Coleman was selected by the Green Bay Packers in the seventh round, with the 243rd overall pick, of the 2012 draft. He officially signed with the team on May 10. He was released on August 31 and signed to the practice squad on September 2, 2012. Coleman became a free agent after the 2012 season and re-signed with the Packers on January 14, 2013. He was later released on September 2, 2013. Coleman was the last quarterback released by the Packers before the start of the season, having beaten out Vince Young and Graham Harrell. This left Aaron Rodgers and practice squad signee Scott Tolzien as the only quarterbacks on the roster, so the team then signed Seneca Wallace to be Rodgers' backup.

On January 19, 2015, Coleman was assigned to the Arizona Rattlers of the Arena Football League (AFL). He began the 2015 AFL season as the backup to Nick Davila but took over as starter after Davila suffered an injury. On May 28, 2015, before Davila had returned from injury, it was announced that Coleman abruptly resigned from the team for a job outside of football. Overall, Coleman completed 61 of 119 passes (51.3%) for 629 yards, 17	touchdowns, and six interceptions in 2015. He was placed on "League Suspension" by the Rattlers on May 28, 2015. He was placed on reassignment on November 5, 2015.

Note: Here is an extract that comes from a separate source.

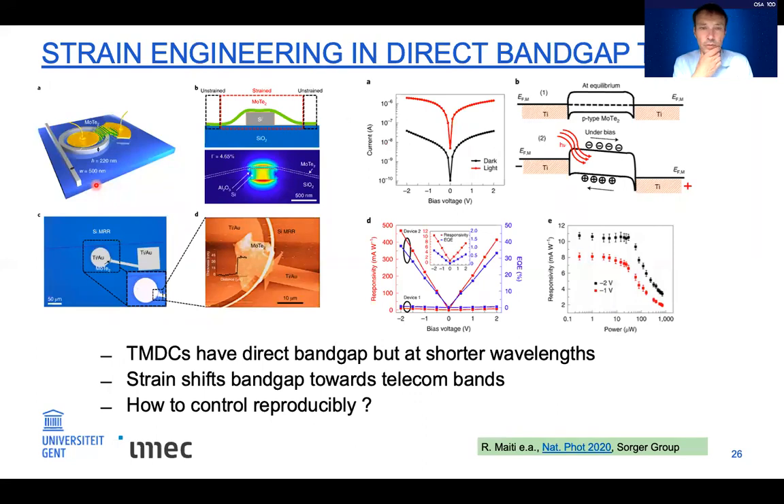Also recently, the Sorger group demonstrated detectors using 2D TMDC materials. TMDCs have the advantage of a direct band gap, but typically the band gap falls at shorter wavelengths — far below 1300 nm — making them unsuitable for telecom. However, this work showed that strain can be easily applied to these materials to shift the band gap toward 1300 nm, enabling decent responsivity in a first demonstration. The big open question is how to do this reproducibly on a wafer scale, but it shows interesting routes forward.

On January 25, 2016, Coleman signed with the Saskatchewan Roughriders of the Canadian Football League (CFL). He dressed in one game for the Roughriders during the 2016 CFL season before being released on August 9, 2016.

Pre-draft measurables
| Height | Weight | Arm length | Hand span | Wingspan | 40-yard dash | 10-yard split | 20-yard split | 20-yard shuttle | Three-cone drill | Vertical jump | Broad jump |
| 6 ft 3 in (1.91 m) | 233 lb (106 kg) | 31+5⁄8 in (0.80 m) | 10+3⁄8 in (0.26 m) | 6 ft 4+3⁄8 in (1.94 m) | 4.94 s | 1.72 s | 2.88 s | 4.38 s | 7.07 s | 29.5 in (0.75 m) | 9 ft 1 in (2.77 m) |
All values from NFL Combine/Pro Day

==Personal life==
Coleman's father, Bryon, played college football at Chattanooga from 1977 to 1980. B. J.'s brother, Jarrod, was a tight end at Chattanooga.

Coleman became the CEO of a behavioral health company after his football career.